What to produce —
Write the entries out again in full and unchanged, dropping every image.

The input —
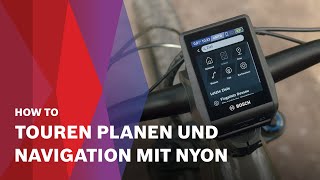 How To  Touren planen und Navigation mit Nyon [upl. by Eltsyrk]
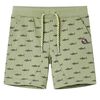 vidaXL Lasten shortsit kiristysny&ouml;rill&auml; vaalea khaki 116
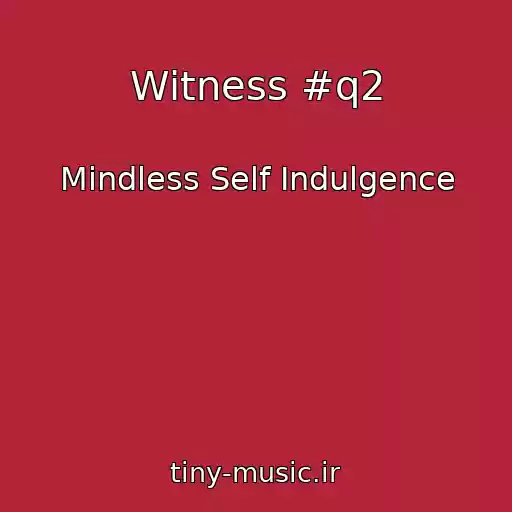 کاور آهنگ Witness #q2 از Mindless Self Indulgence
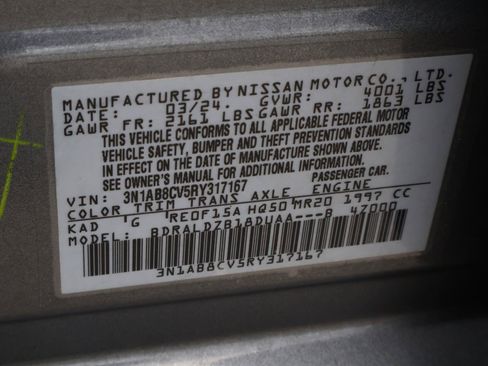 Used 2024 Nissan Sentra SV w/ All-Weather Package FWD image 20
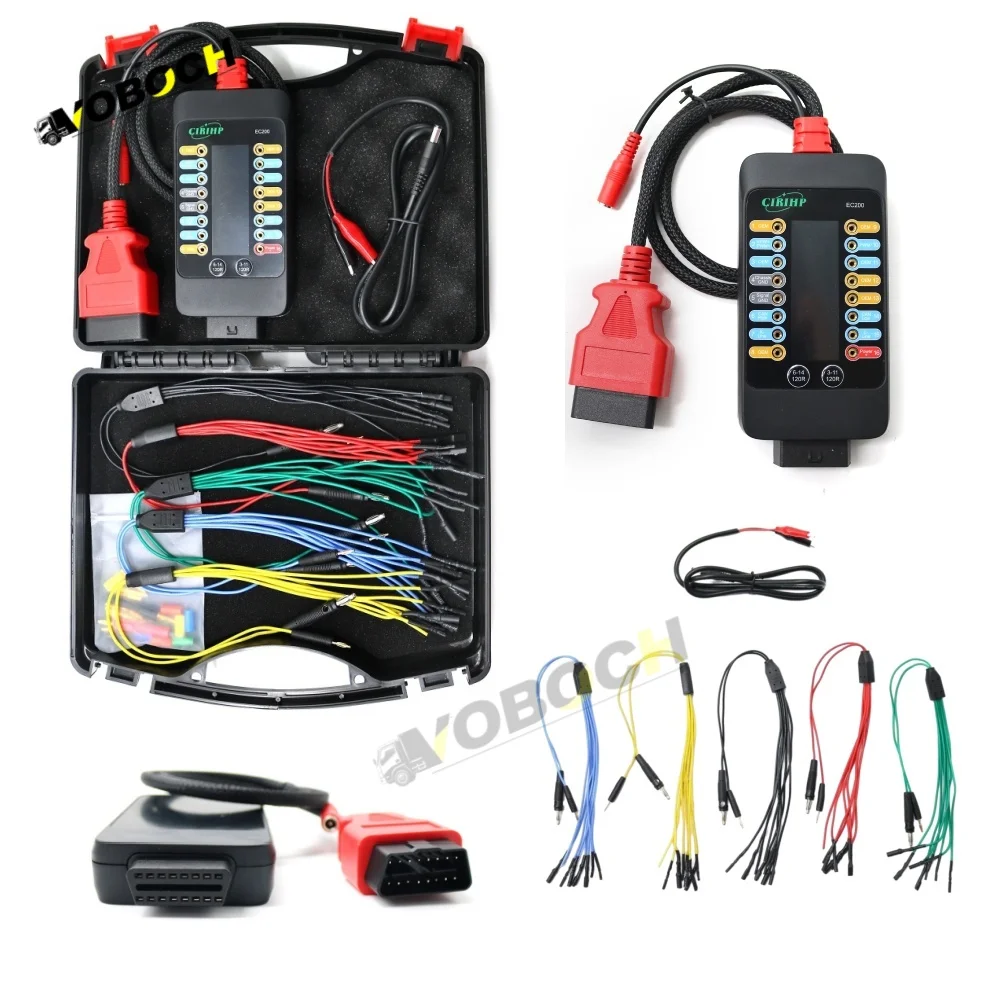 

OBD2 Breakout Box with LCD Display 12V/24V CAN Tester Box with Built-in 120ohm Resistors for ECU Testing Tool on Bench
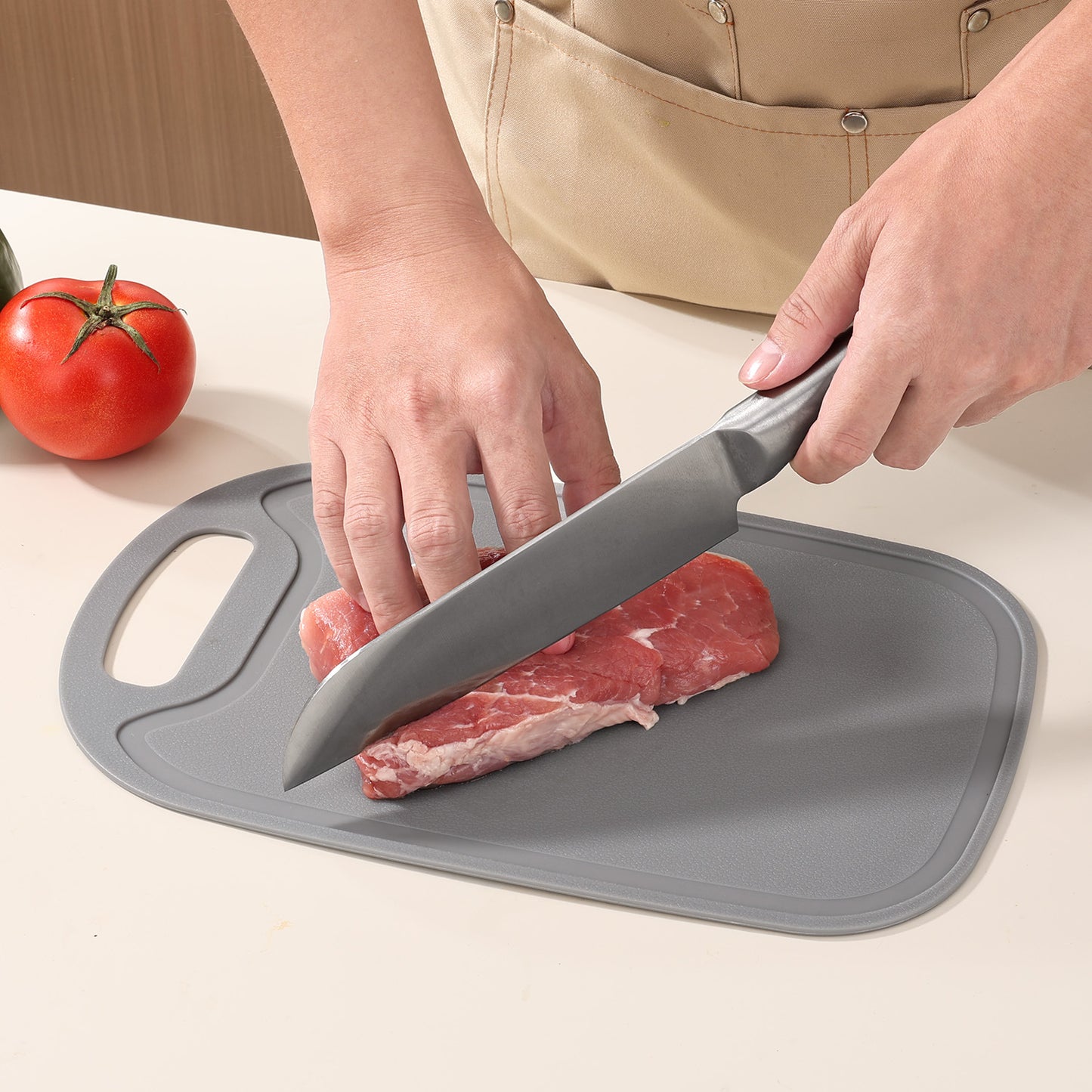 Nonslip Plastic Food Cutting Board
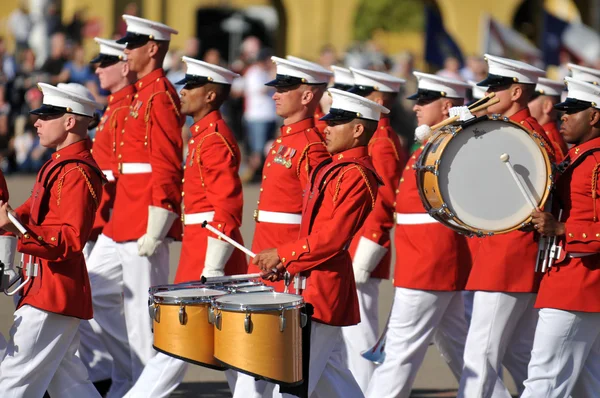 Miembros del Cuerpo de Marines de los Estados Unidos — Foto de Stock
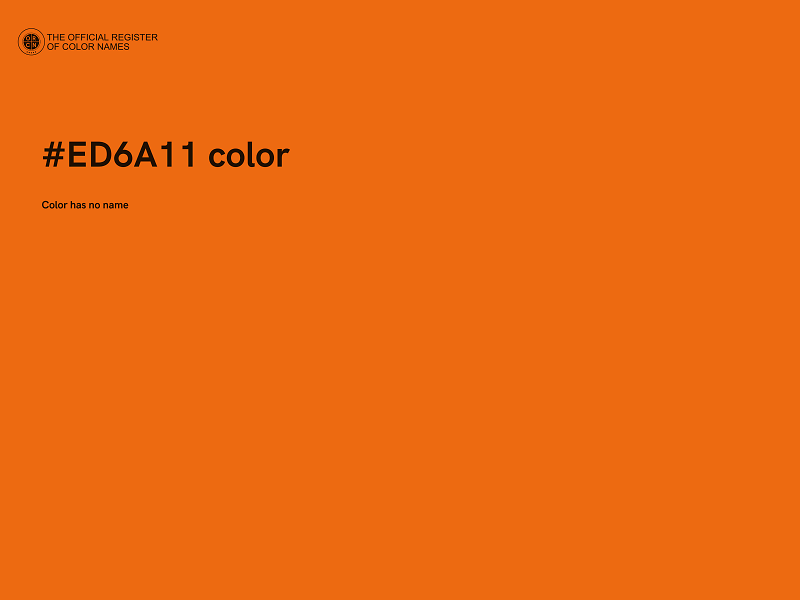 #ED6A11 color image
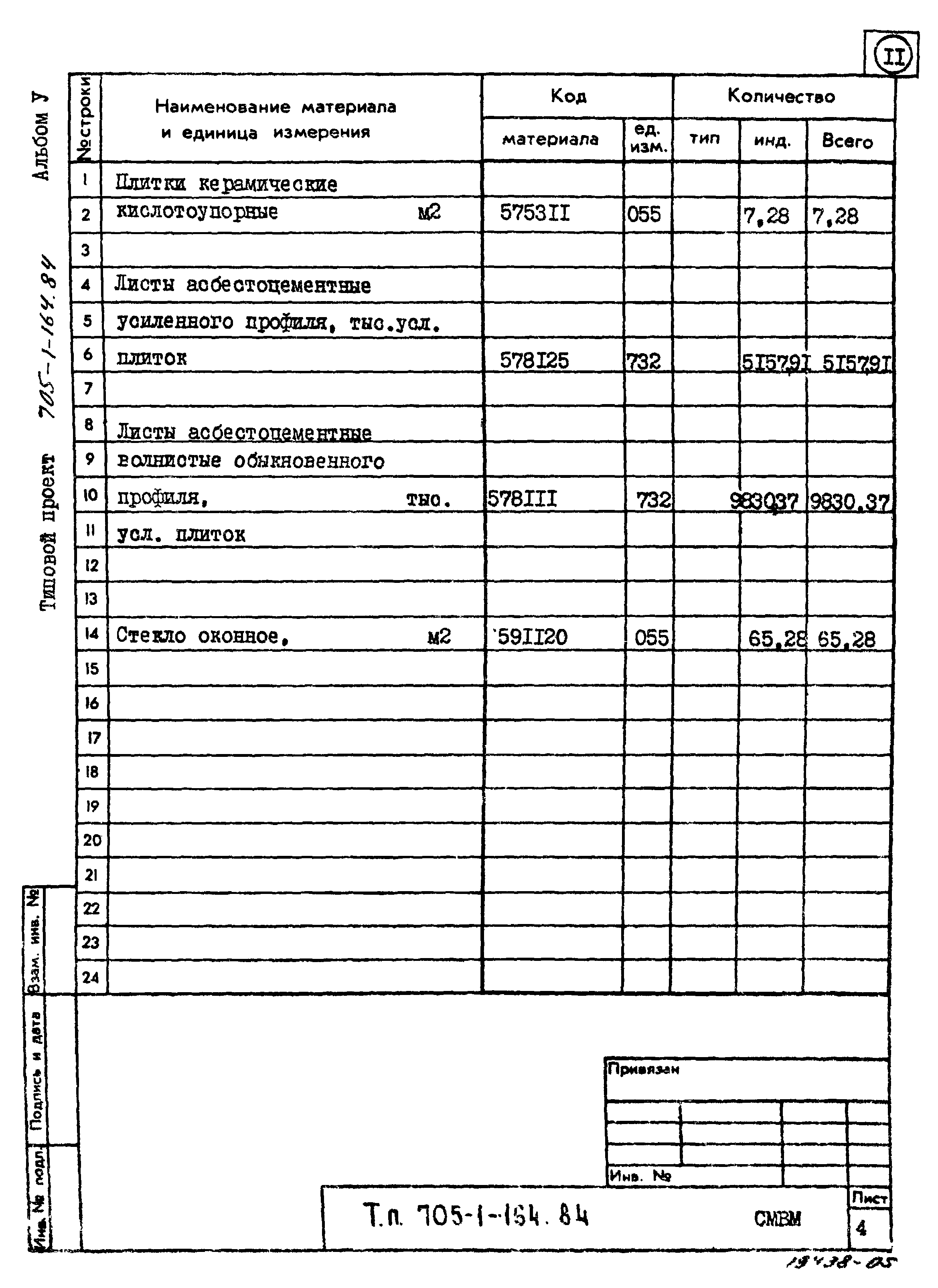 Типовой проект 705-1-164.84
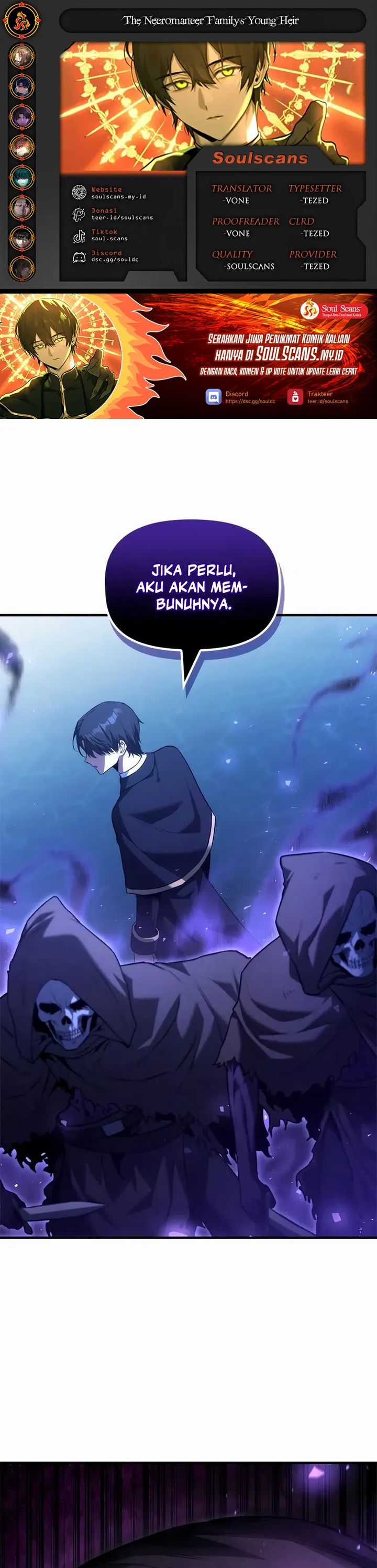 The Necromancer Family’s Young Heir chapter 39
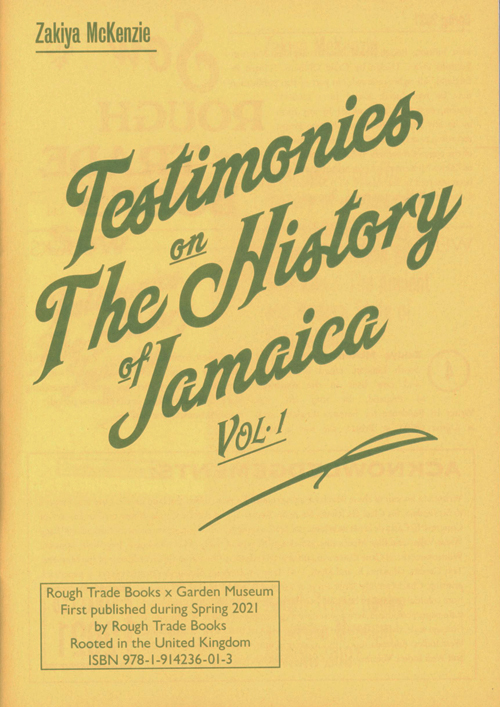 Testimonies On The History Of Jamaica Vol.1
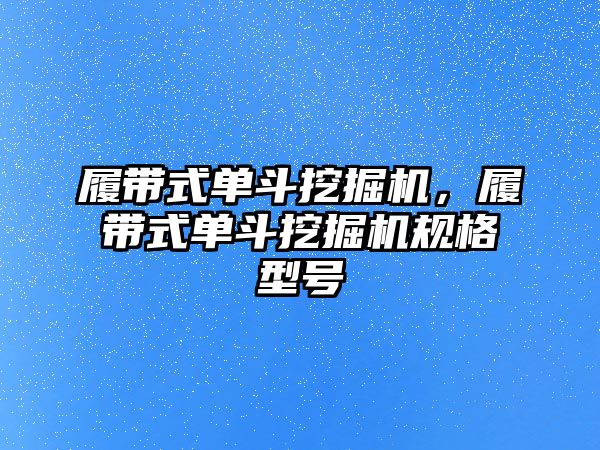 履帶式單斗挖掘機，履帶式單斗挖掘機規(guī)格型號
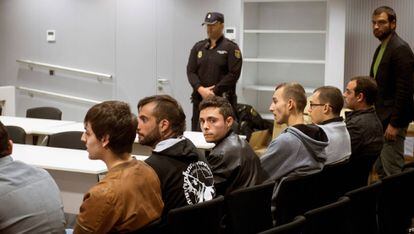 Los miembros de La Insurgencia, durante el juicio en noviembre.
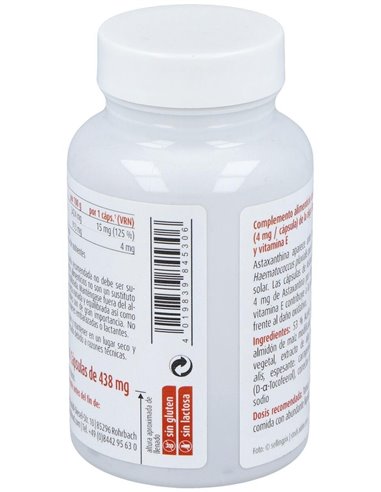 Alga Astaxantina 60Cap. Sg Vegan de Raab Vitalfood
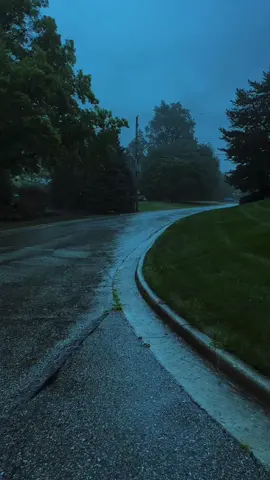 pouring rain during blue hour 🌧️☔️  #ambient #walk #fyp #liminal #rain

Response —
 How To  Touren planen und Navigation mit Nyon [upl. by Eltsyrk]
 vidaXL Lasten shortsit kiristysny&ouml;rill&auml; vaalea khaki 116
 کاور آهنگ Witness #q2 از Mindless Self Indulgence
 Used 2024 Nissan Sentra SV w/ All-Weather Package FWD image 20

OBD2 Breakout Box with LCD Display 12V/24V CAN Tester Box with Built-in 120ohm Resistors for ECU Testing Tool on Bench
 Nonslip Plastic Food Cutting Board
 Miembros del Cuerpo de Marines de los Estados Unidos — Foto de Stock
 #ED6A11 color image
 Типовой проект 705-1-164.84
 The Necromancer Family’s Young Heir chapter 39
 Testimonies On The History Of Jamaica Vol.1
 履帶式單斗挖掘機，履帶式單斗挖掘機規(guī)格型號
 Los miembros de La Insurgencia, durante el juicio en noviembre.
 Alga Astaxantina 60Cap. Sg Vegan de Raab Vitalfood
 pouring rain during blue hour 🌧️☔️  #ambient #walk #fyp #liminal #rain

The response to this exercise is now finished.